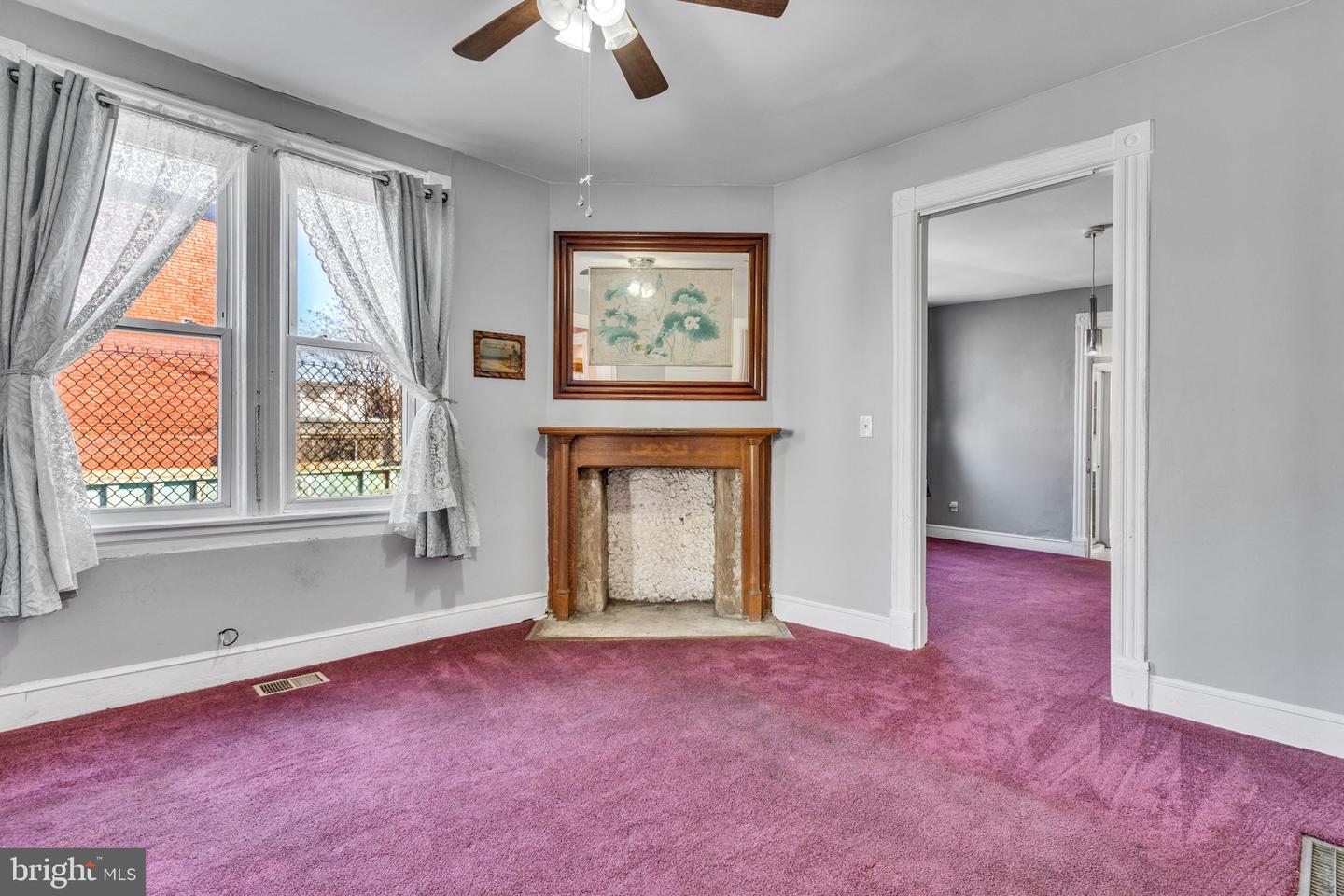 732 MORTON ST NW, WASHINGTON, District Of Columbia 20010, 7 Bedrooms Bedrooms, ,3 BathroomsBathrooms,Residential,For sale,732 MORTON ST NW,DCDC2186490 MLS # DCDC2186490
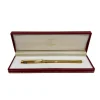 CARTIER MUST DE CARTIER PENNA STILOGRAFICA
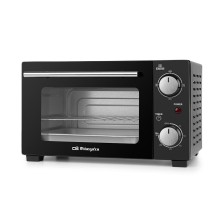 orbegozo-ho-985-horno-tostador-10-l-800-w-negro-1.jpg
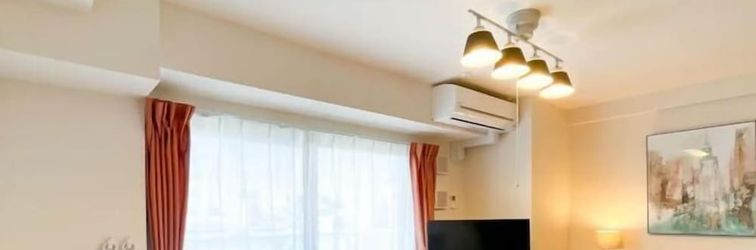 Others KISETSU Kagurazaka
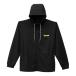  Sunline (SUNLINE) DRY полный Zip Parker ( инсектицид ) SUW-15505DPK черный × Gold 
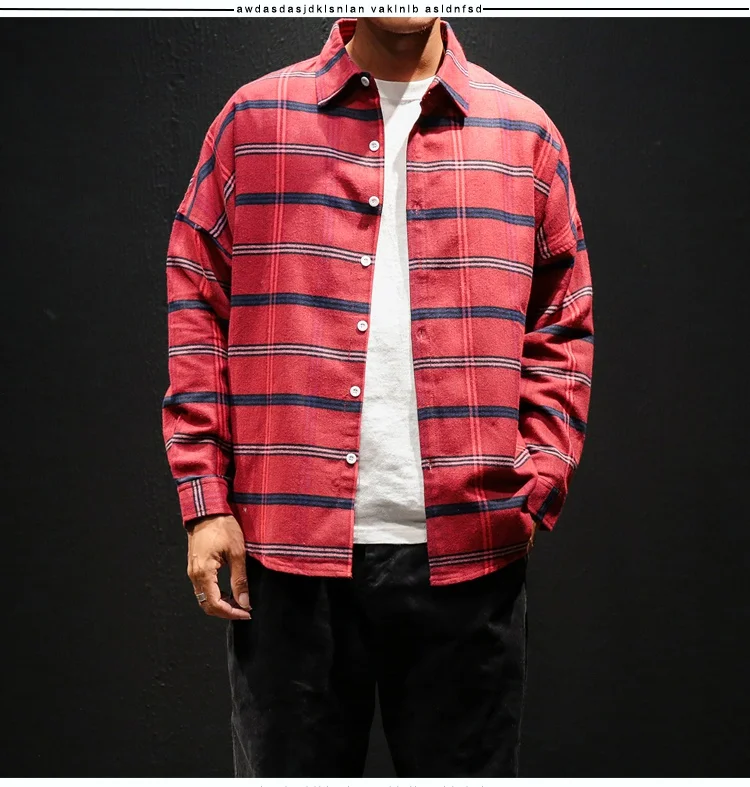 49 (13)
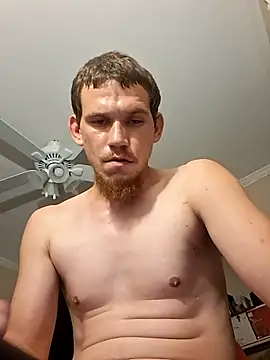 Show Webcam de Rain13_Lil-if56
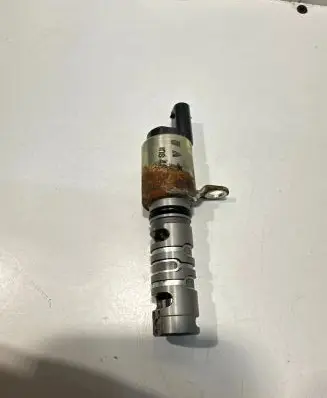 Volkswagen T-Cross Camshaft vanos timing valve 04E906455D 04E906455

____________________

■ **EXERCISE**
Starting at the line that holds "CARTIER MUST DE CARTIER PENNA STILOGRAFICA", reproduce each line through the last one of the listing, and nothing more; the pictures stay out.

■ **OUTPUT OF THE EXERCISE**
 CARTIER MUST DE CARTIER PENNA STILOGRAFICA
 orbegozo-ho-985-horno-tostador-10-l-800-w-negro-1.jpg
 Others KISETSU Kagurazaka
  Sunline (SUNLINE) DRY полный Zip Parker ( инсектицид ) SUW-15505DPK черный × Gold 
 49 (13)
 Show Webcam de Rain13_Lil-if56
 Volkswagen T-Cross Camshaft vanos timing valve 04E906455D 04E906455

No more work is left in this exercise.